Но задуматься все же пришлось.

"Мы привели только наиболее яркие места - пишет о святоотеческих цитатах на эту тему Троицкий и останавливается на воззрениях свт. Григория Нисского, - дело спасения Христом рода человеческого мыслится св. отцом, между прочим, и как восстановление первобытного естества, в которое грехом внесено было разделение, восстановление именно его единства. Важно, что мысль о единстве естества человеческого, которую свт. Василий Великий выразил кратко, свт. Григорий сознательно усвоил и решительно ее защищал против еретиков. Правда, говоря о единосущии человечества, св. отец не упоминает Церкви, но ведь ясно, что именно делом Церкви он почитает "возведение человека в древнее благополучие" и "подражание Божескому естеству". Изображение свт. Григорием Нисским того блаженного состояния, когда уничтожится междоусобная брань в нашем естестве, когда воцарится мир среди людей и внутри каждого отдельного человека, это изображение заставляет вспомнить начертанный свт. Василием Великим в его "Подвижнических уставах" образ монашеского общежития, где проявляется именно единая и нераздельная жизнь единого естества человеческого. Мы видим, что наряду с обыкновенным представлением о Церкви как о едином теле высказывается мысль о Церкви как о возрожденном человеческом естестве, в котором отдельные человеческие личности становятся как бы единосущны по некоторому подобию единосущия Лиц Св. Троицы. "Единое тело" и "единое естество", конечно, выражают почти одно и то же, если их относить к Церкви: и то и другое говорит о полном единении человечества, которое достигается уничтожением греха как начала разделяющего и обособляющего. Говоря о "едином естестве", два великих брата-каппадокийца догмат о Церкви поставили в связь с основным христианским догматом о Троице" [86].

Исходя из этих основ, проф. Троицкий цитирует и западного отца св. Илария Пиктавийского, приходя к справедливому выводу, что "единство человечества нужно считать именно единством природы, а не единомыслием только". Однако этот вывод помогает ему (не споря с официальным взглядом) подчеркнуть, что "верующие все во Христе едино, несмотря ни на какое различие племен, условий, пола. Очевидно, такое единство не может иметь в своей основе "одно лишь согласие воли". Совершенно верно, - подтвердим и мы, но отметим, что и без согласия воли описанное им выше единство тоже невозможно.

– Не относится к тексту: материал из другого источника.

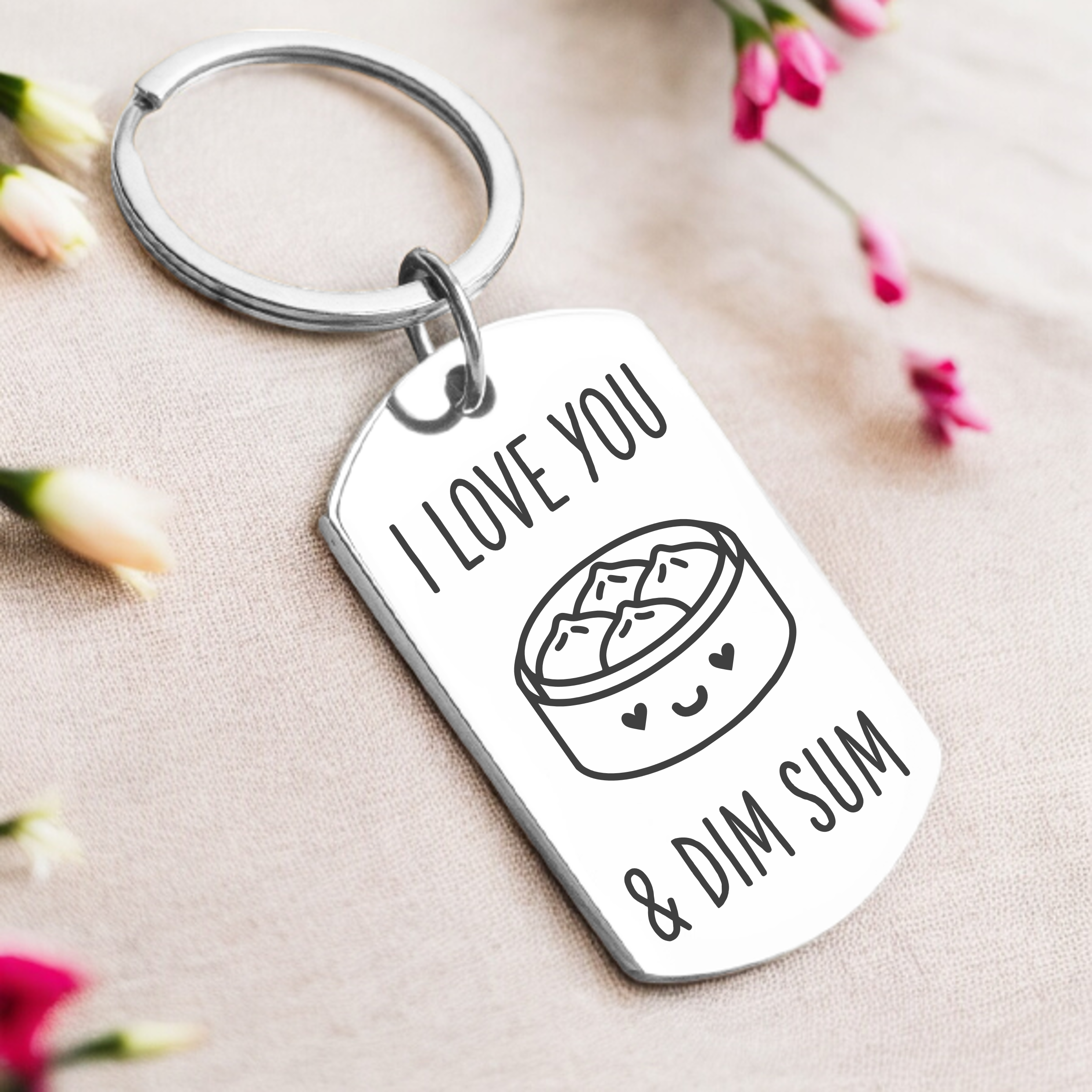 A key ring with a silver or gold tag, featuring the text 'I love you and dim sum' and a graphic of a dim sum basket.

Согласие воли всего человечества должно было присутствовать в Раю в момент творения во Адаме, если принять все изложенное проф. Троицким в его книге о Божественном Триединстве как образе единого человечества. Так об этом и говорят великие каппадокийцы.

Итак, проф. Троицкий ощупью, осторожно, но все же определенно подошел к каппадокийскому богословию и связал с ним основную идею вл. Антония (Храповицкого), который еще за двадцать лет до этого, будучи ректором Московской Духовной Академии, сказал в своей внеклассной лекции студентам академии "О пастырском изучении людей и жизни по сочинениям Достоевского":

"...человек восходит или возвращается к первозданному таинственному единству со всеми и, как бы переливая святое (через общение с Богом усвоенное) содержание своей души в душу ближнего, преображает внутреннюю природу последнего, так что при одном только согласии его воли, тяжкий путь его возрождения почти совершен за него, лишь бы он сам не отвечал на это злым упорством и ненавистью" [87].

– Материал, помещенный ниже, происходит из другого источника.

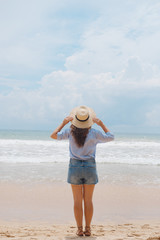 Fototapeta na wymiar Girl in a hat on the beach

Именно тогда, в 1892 г., говоря студентам эти слова, вл. Антоний просил проф. Троицкого подобрать святоотеческие цитаты, подтверждающие его идеи. Мы замечаем некоторое расхождение между вл. Антонием и проф. Троицким: в то время как основной упор вл. Антония (и Достоевского) - на личности, душе и воле, у самого Троицкого, двадцатью годами позже, в 1912 г. - на естестве. Правда, Троицкий приводит цитату из творений свт. Кирилла Александрийского, которую объясняет так:

"Св. Кирилл Александрийский преимущественно говорит об единомыслии верующих как образе единосущия Лиц Св. Троицы, но в Церкви видит он создание также единой телесной и духовной природы, так что члены Церкви имеют между собою уже и природное единство. Замечательно также, что в приведенных словах св. Кирилл объединяет представление о Церкви как о теле с учением о природном единстве в ней отдельных людей: для него и то, и другое - лишь разные формы одного и того же" [88].